やはり、この作品についても触れておくか。

Sekar Gendot / Tirta Sari

tirtasari sekar gendot.jpg

いやぁ、でたらめなデザインのジャケット写真だなぁ…ルバブ奏者が二人、グンデル・ランバット奏者が二人、カジャール奏者が一人なんて…実際は30名弱で演奏しているはずなのに、予備知識が無いものが見たら、「この人数で演奏しているのか?」と思ってしまうではないか。おまけに、このジャケットに写っている俺の師、I.B.Sugata氏に訊いた所、「録音当日、儀式があって、自分は録音に参加していないのに…こんなデザインになっているとは知らなかった…」というではないか。

ま、それはさておき。

予備知識が無い人もいると思うので、Tirta Sariという楽団の成り立ちを簡単に解説する。

Tirta Sariは観光地として名高いバリのプリアタン村に本拠地を置く、故マンダラ翁が晩年に結成したマンダラ王家の私設楽団。結成は確か1970年代後半だったと記憶している。

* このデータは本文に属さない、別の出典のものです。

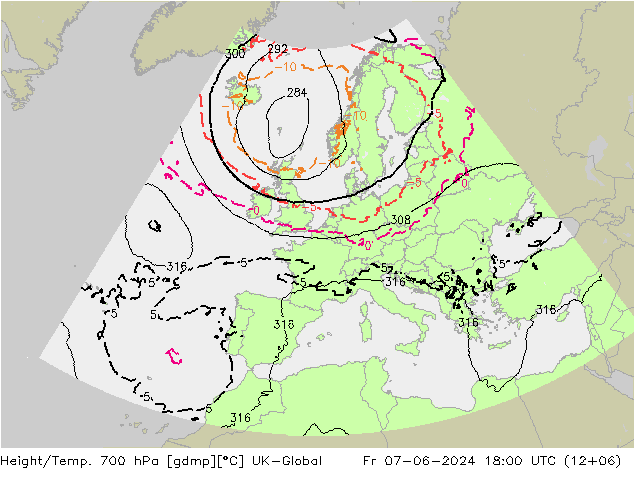 Height/Temp. 700 гПа UK-Global пт 07.06.2024 18 UTC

若かりし頃に、バリのガムランとしては当時の最先端だったGong Kebyar編成の楽団、Gunung Sariを結成、バリの楽団として初の海外公演を行うなどしてプリアタンをバリ芸能の中心地に引っ張り上げたマンダラ翁は、晩年、Gong Kebyarより古典的な形態であるSemar Pegulinganの楽団を結成したくなった。幸いにも楽器一揃いは所持していたが、長い間Tegasの楽団に貸し出したままになっていた。言わずと知れた、Gunung Jatiである。マンダラ翁は返却するよう申し入れたが、Gunung Jatiからは、「もう自分達はこの楽器以外で活動することは考えられない」との返答。「これで勘弁してくれ」と、マンダラ翁に届けられたのは、アメリカの某財団がTegasに寄贈したSemar Pegulinganの複製であった。これが現在Tirta Sariが使用している楽器である。このあたりのことはパルコ出版から出版された「熱帯の旅人」「踊る島バリ」に詳細が記されている。が、残念ながら現在は絶版のようである。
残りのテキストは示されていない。